In the end, nobody could label me or tell me what was wrong. It was nameless, existing only in dingy shadows. I had appointment after appointment that my mum would drive me to and from, trying so hard to not ask me questions or antagonise me in any way, which, of course, she did all the time. The final assessment I had before starting psychotherapy and coming off the medication that made me sleep about 18 hours a day was with a psychiatrist who looked about my age.

I had stopped going to school by then. Most days I just cried in bed, or slept, or scrolled through TikTok looking at other girls who were also mentally unwell. A lot of people posted from psychiatric hospitals.

“I didn’t have a single friend who was self-harming,” Mum told me. “Not in that way. Not when I was at school.” It’s not that mental health wasn’t a problem. They had eating disorders and depression and anxiety, but not to the extent that young people do now, not by a long, long way. Self-harm was not a thing.
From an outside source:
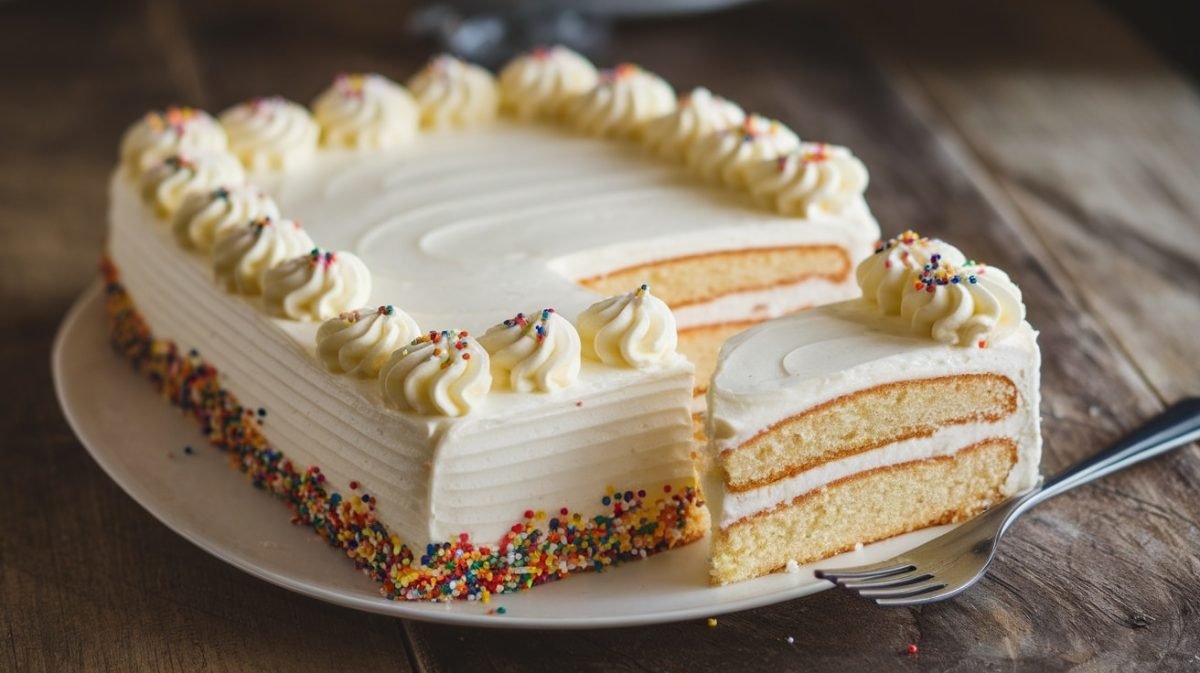 Classic Vanilla Sheet Cake Recipe - Courtneys World
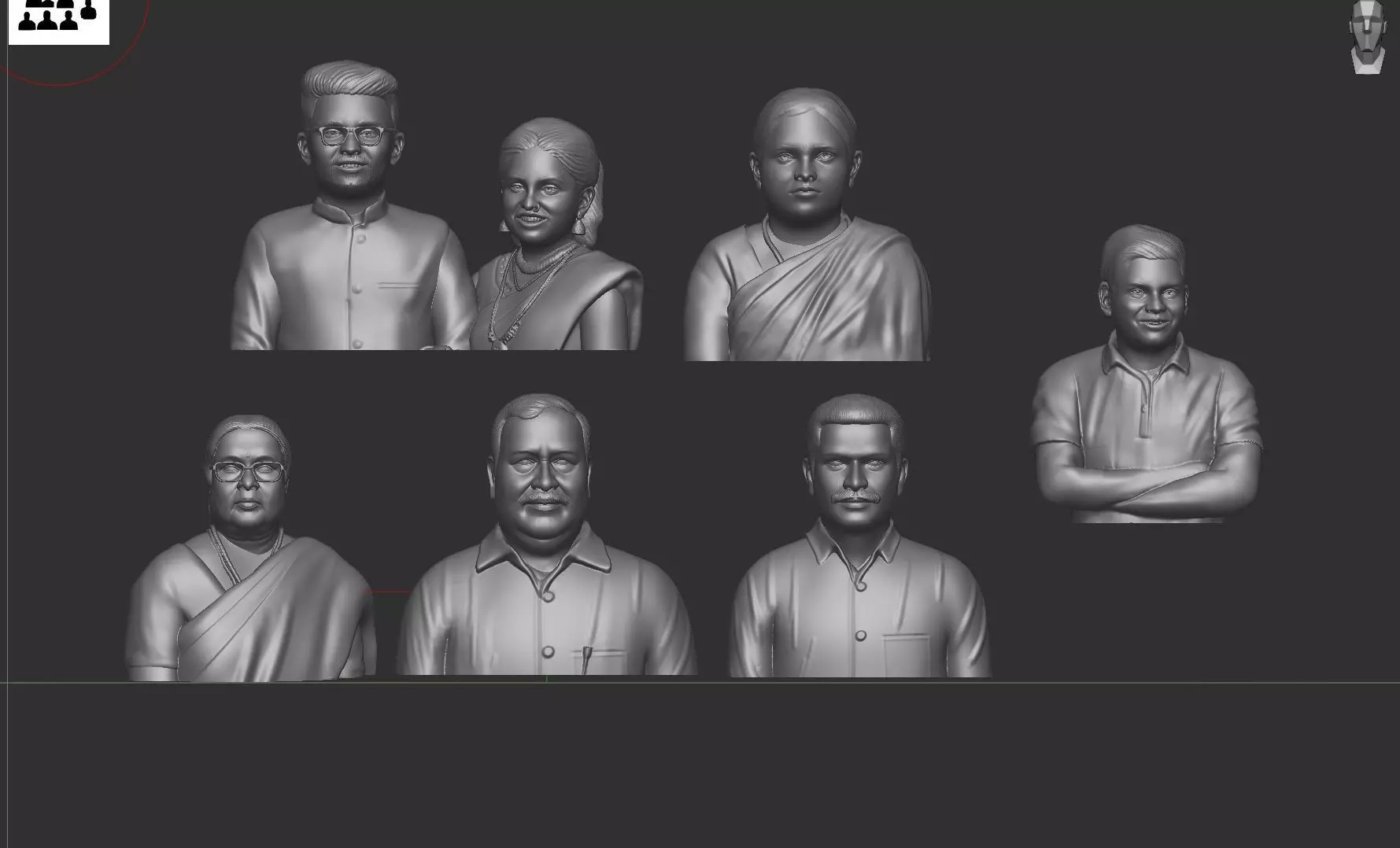 bust miniatures 3D print model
That fact astonished me. I knew tons of girls who started cutting their arms at 12 years old. Tons. I was tempted at that age, but something stopped me, despite wanting to experience the relief it seemed to offer them. But then I was the oldest in my friend group to get a smartphone. I don’t think that is a coincidence. My mum refused to give me access to a phone and social media until I was 14. Even then, at first, she monitored my phone – the condition of having one was that at any random moment she’d do a “phone check” and I would hand the phone over to her without question. She’d check that there wasn’t anything dangerous.

But Mum had no idea what she was looking for. She struggled with the TV remote, let alone smartphone tech, apps and the dark web. I was never big on Instagram and didn’t go near Twitter or Facebook, which felt like a forum for older people. But TikTok stole a few years of my life, no doubt, and WhatsApp and Snapchat groups gave that time a dark texture, for sure.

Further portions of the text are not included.